Southern states consistently have higher mortality rates for heart disease, stroke, and diabetes. Multiple factors contribute: higher rates of obesity, smoking, and hypertension; lower median incomes and higher poverty rates; less access to healthcare (lower rates of insurance coverage, fewer doctors per capita in rural areas); and historical dietary patterns with high salt and saturated fat content. The "stroke belt" pattern has persisted for decades despite public health efforts.
Why do Mountain West states have high suicide rates?
Mountain West states (Montana, Wyoming, Alaska, Nevada, New Mexico) consistently have the highest suicide rates. Contributing factors include rural geographic isolation, limited access to mental health services (often hundreds of miles to the nearest psychiatrist), high firearm ownership rates (firearms are the most lethal suicide method), cultural barriers to seeking mental health help in rural communities, and economic instability in resource-dependent economies.
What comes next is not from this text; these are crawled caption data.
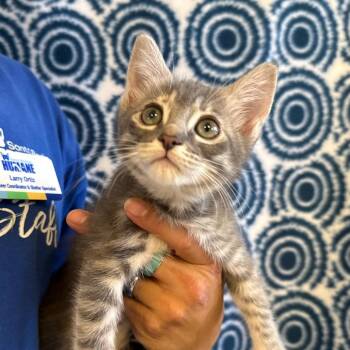 Dove -  Domestic Short Hair Cat for Adoption in Goleta, California - Dove | PetCurious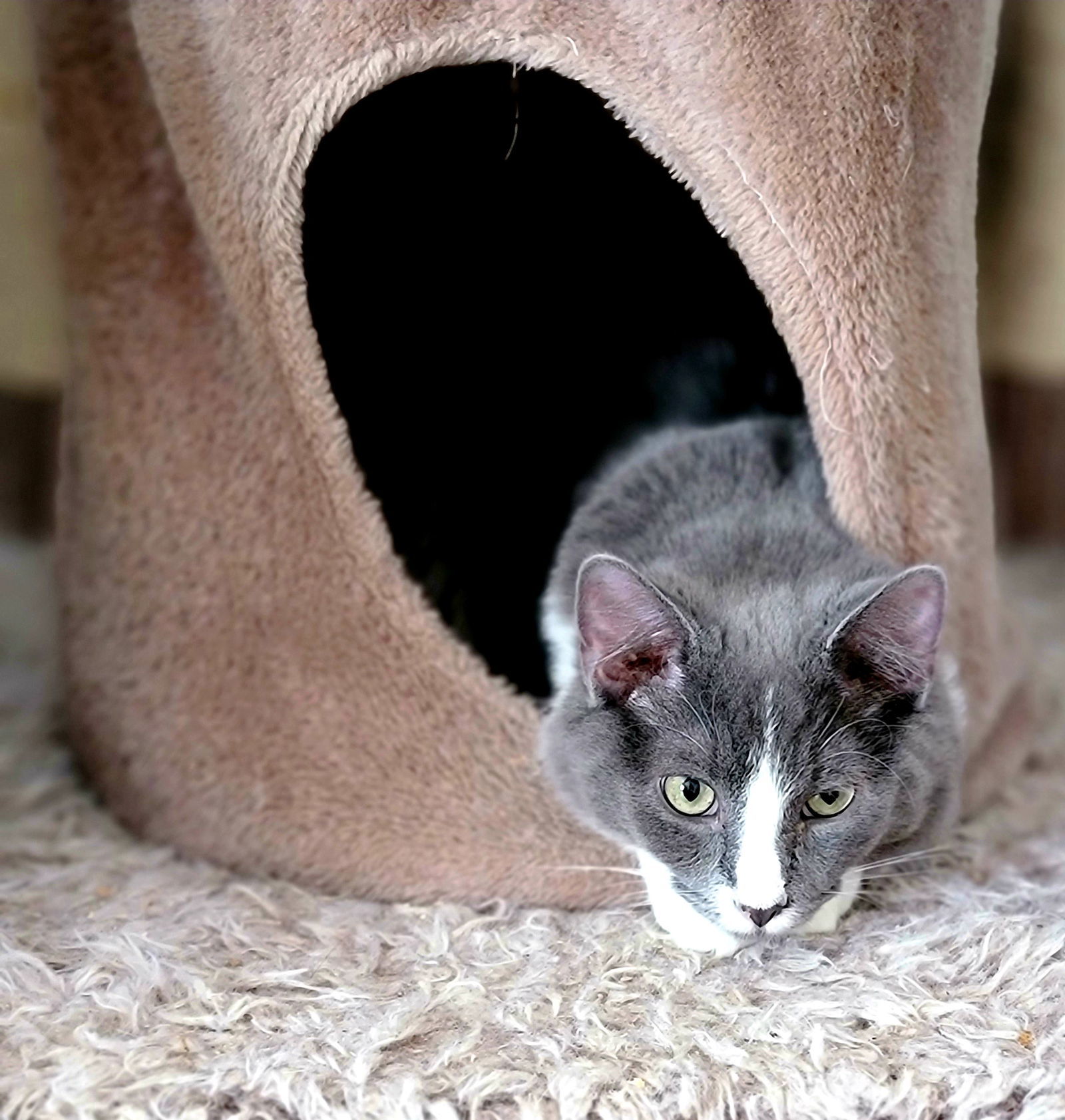 Tyler, an adoptable Domestic Medium Hair in Elizabethtown, PA, 17022 | Photo Image 3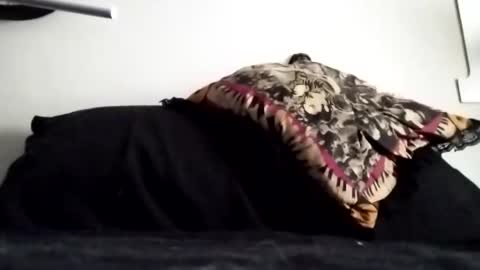 Marty online show from October 3, 12:21 pm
Altitude may also play a role, some research links high altitude to higher rates of depression and suicide.
What is the "stroke belt"?
The stroke belt refers to a region in the southeastern US, primarily Georgia, North Carolina, South Carolina, Tennessee, Arkansas, Mississippi, Alabama, and Louisiana, that has historically had death rates from stroke and heart disease significantly above the national average. The pattern was first identified in the 1960s. It is believed to result from a combination of dietary factors (high sodium), socioeconomic conditions, higher rates of hypertension and diabetes, and historically limited healthcare access, particularly in rural areas.
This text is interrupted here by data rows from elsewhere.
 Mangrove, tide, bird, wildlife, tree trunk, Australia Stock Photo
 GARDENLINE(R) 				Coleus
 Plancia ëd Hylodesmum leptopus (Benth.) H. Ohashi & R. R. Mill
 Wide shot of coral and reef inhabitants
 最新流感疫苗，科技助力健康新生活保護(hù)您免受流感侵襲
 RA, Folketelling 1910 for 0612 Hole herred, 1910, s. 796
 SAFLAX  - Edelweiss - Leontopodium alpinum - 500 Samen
Is the Northeast really healthier than the South?
On most mortality metrics, Northeastern states (Massachusetts, Connecticut, New York, New Jersey) do show lower age-adjusted death rates for heart disease, cancer, diabetes, and stroke. Higher median incomes, better health insurance coverage rates, denser healthcare systems, lower smoking rates, and lower obesity rates all contribute. However, Northeastern states had among the highest opioid overdose death rates in the early 2010s due to aggressive prescription opioid distribution. "Healthier" depends significantly on which cause of death you are measuring.
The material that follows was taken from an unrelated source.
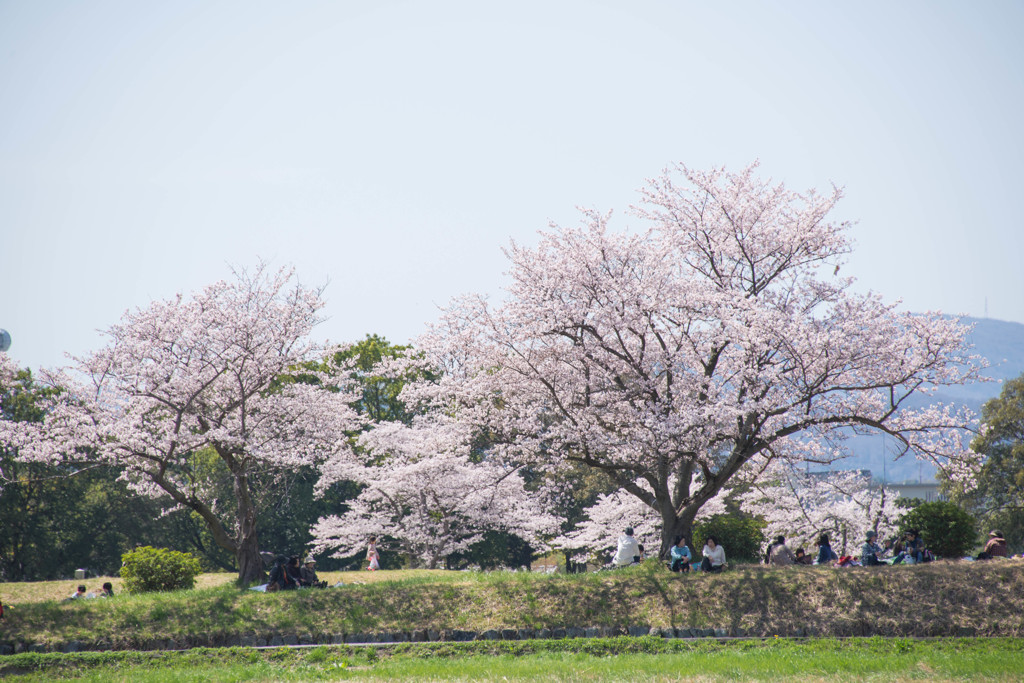 桜の樹の下で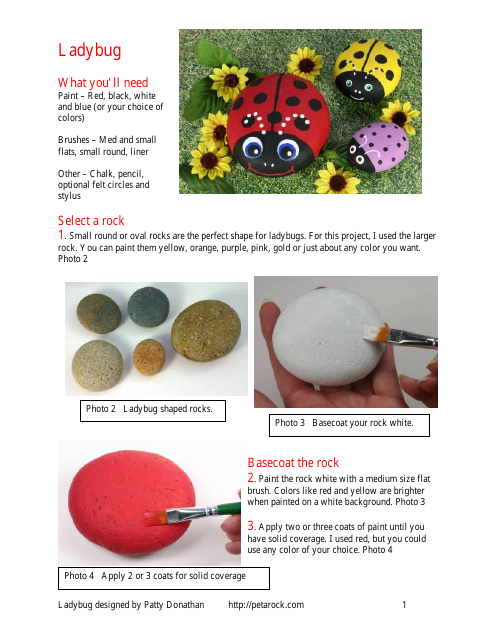 Ladybug Rock Pattern Designs - Preview Image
Do rural vs. urban differences explain regional patterns?
Rural-urban differences explain a significant portion of regional health disparities. Rural areas across the US (not just the South) have higher mortality rates for most chronic diseases, as well as higher rates of drug overdoses and suicide. Limited healthcare access, lower incomes, higher uninsured rates, more physically demanding occupations, higher smoking rates, and reduced access to healthy food options all contribute. The South and Appalachia have higher concentrations of rural populations, which amplifies regional patterns.
How much of the disparity is explained by poverty vs. behavior vs. healthcare?
Research suggests all three factors contribute substantially, and they are difficult to separate because they are correlated. States with higher poverty rates also tend to have lower healthcare access and higher rates of health-risk behaviors (smoking, obesity). Studies that statistically control for income still find significant health disparities by region, suggesting poverty does not fully explain the patterns. Behaviors explain a substantial share, Utah's low mortality rates are partially linked to the large Mormon population with very low smoking rates. Healthcare access also matters significantly, particularly for conditions like heart disease where prompt treatment dramatically affects survival.
Sources
- CDC National Center for Health Statistics, Leading Causes of Death, 1999–2017
- CDC, Health Disparities & Inequalities Report
- Robert Wood Johnson Foundation, County Health Rankings
- US Census Bureau, State Population and Income Data
This content is for informational purposes only and does not constitute medical advice. For health concerns, consult a qualified healthcare provider.